--- Data segment Enclosed Below ---

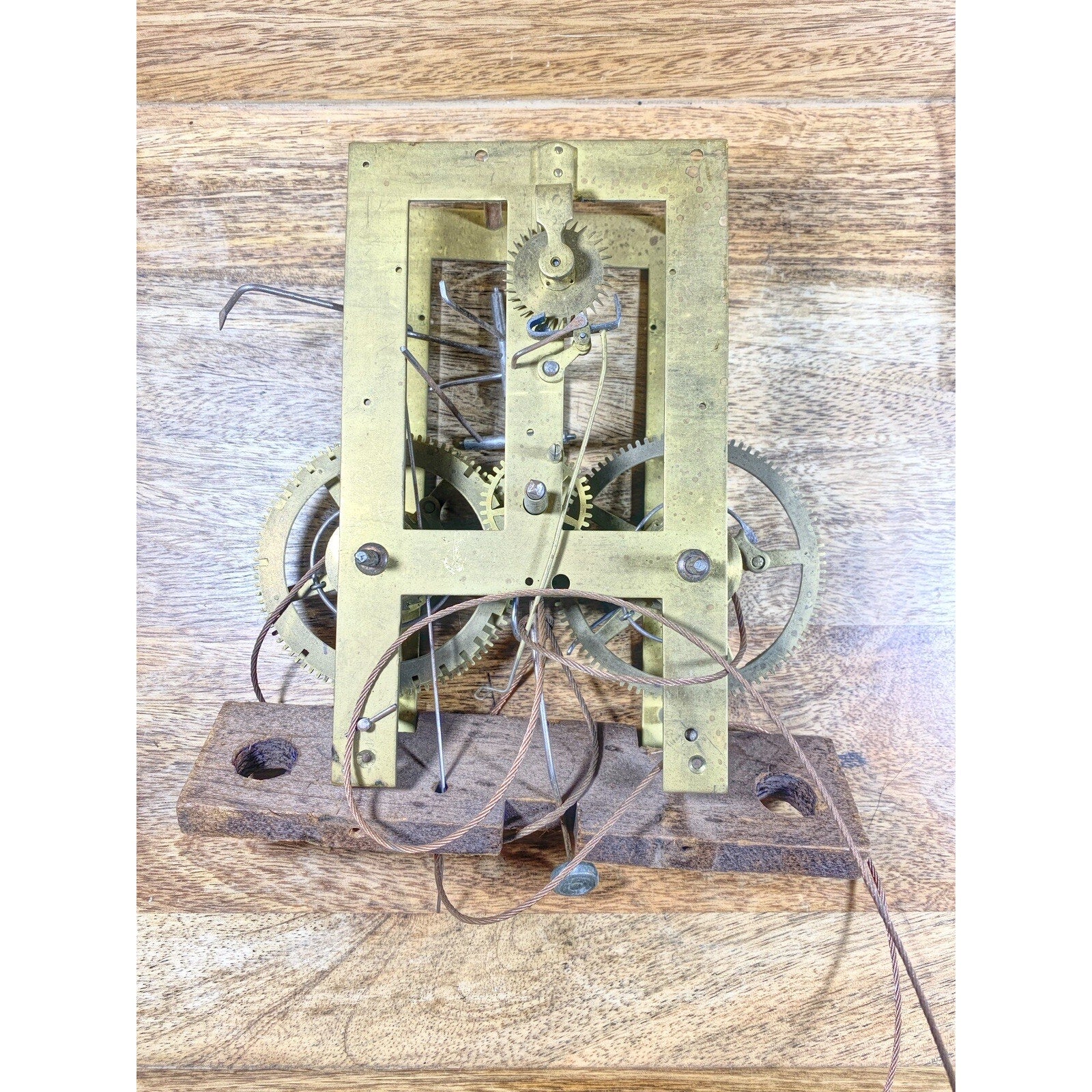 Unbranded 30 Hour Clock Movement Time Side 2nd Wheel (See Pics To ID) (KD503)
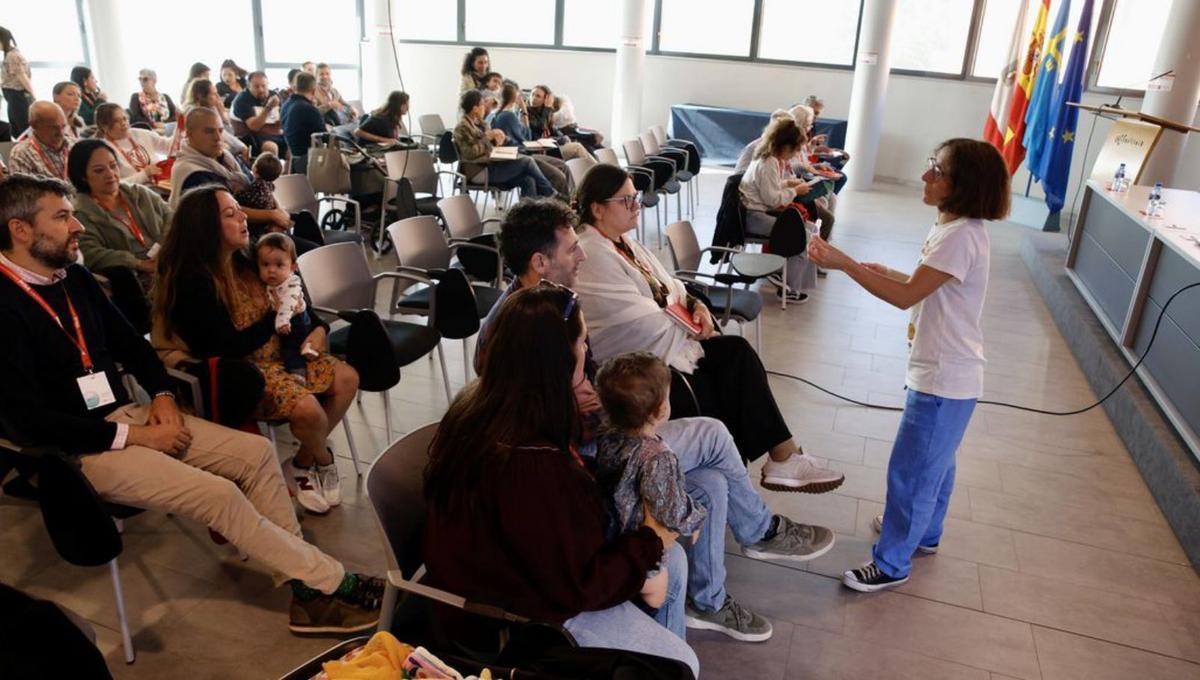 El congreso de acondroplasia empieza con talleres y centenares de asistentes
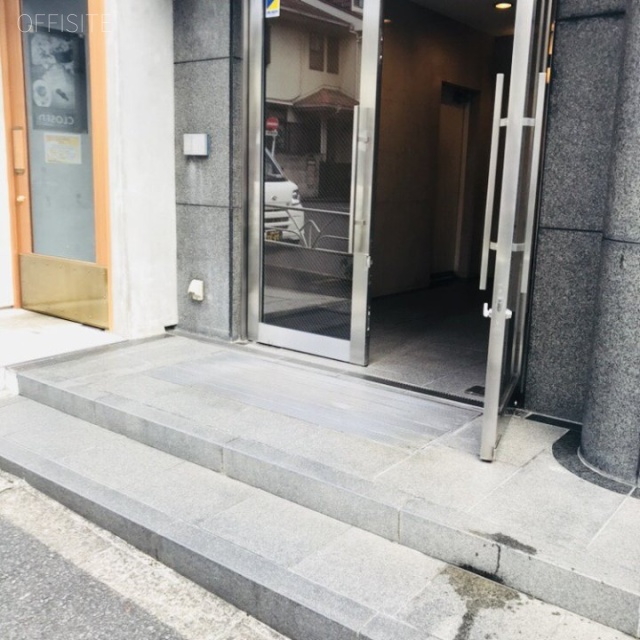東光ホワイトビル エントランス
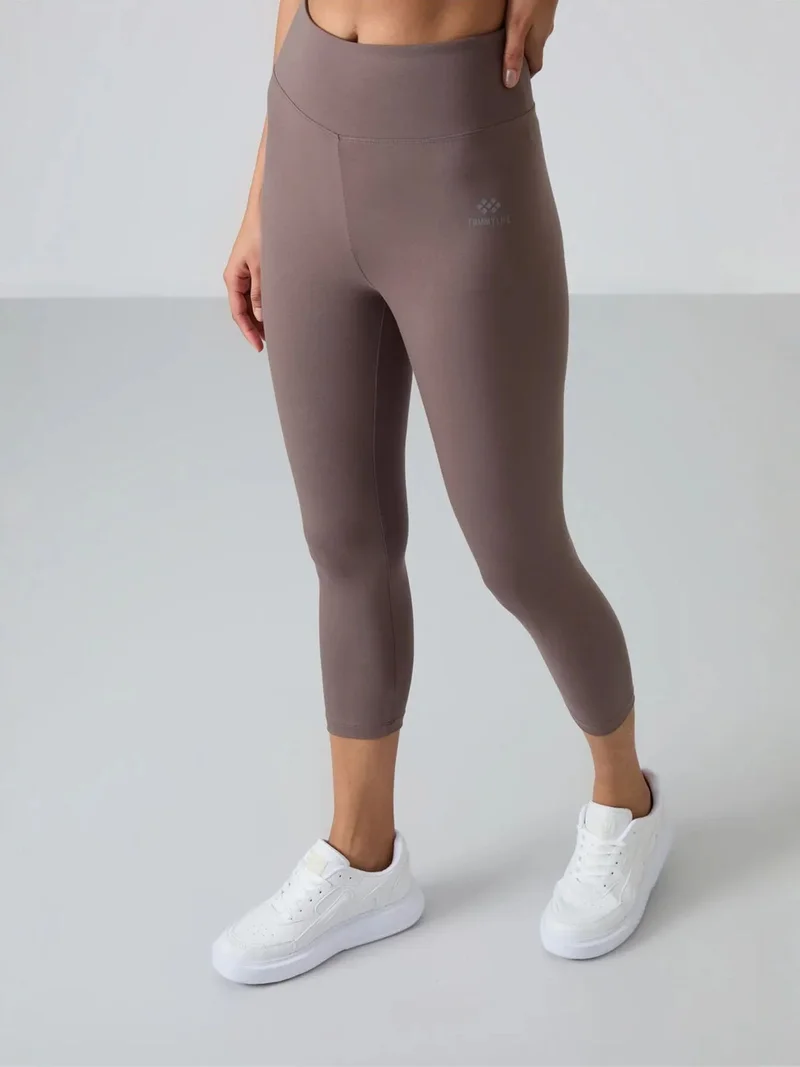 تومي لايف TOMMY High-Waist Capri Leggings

--- End of Enclosed Data segment ---

» **What is expected**
Your answer must be exactly the lines from the one with "東光ホワイトビル エントランス" through the final line of the data, with no pictures in it.

» **Solution below**
東光ホワイトビル エントランス
 تومي لايف TOMMY High-Waist Capri Leggings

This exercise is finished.